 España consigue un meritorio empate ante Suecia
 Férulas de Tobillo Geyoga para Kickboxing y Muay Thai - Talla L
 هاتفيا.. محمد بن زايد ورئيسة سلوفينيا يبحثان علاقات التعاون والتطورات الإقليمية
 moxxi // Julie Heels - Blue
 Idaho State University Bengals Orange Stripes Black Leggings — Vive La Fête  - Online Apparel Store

···

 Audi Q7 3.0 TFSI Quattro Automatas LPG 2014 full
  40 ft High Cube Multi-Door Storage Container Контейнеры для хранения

···

- PROMPT -
Working from the records above, write out verbatim only the lines from the line containing "Férulas de Tobillo" through the line containing "Idaho State University".

- PROBLEM SOLUTION -
 Férulas de Tobillo Geyoga para Kickboxing y Muay Thai - Talla L
 هاتفيا.. محمد بن زايد ورئيسة سلوفينيا يبحثان علاقات التعاون والتطورات الإقليمية
 moxxi // Julie Heels - Blue
 Idaho State University Bengals Orange Stripes Black Leggings — Vive La Fête  - Online Apparel Store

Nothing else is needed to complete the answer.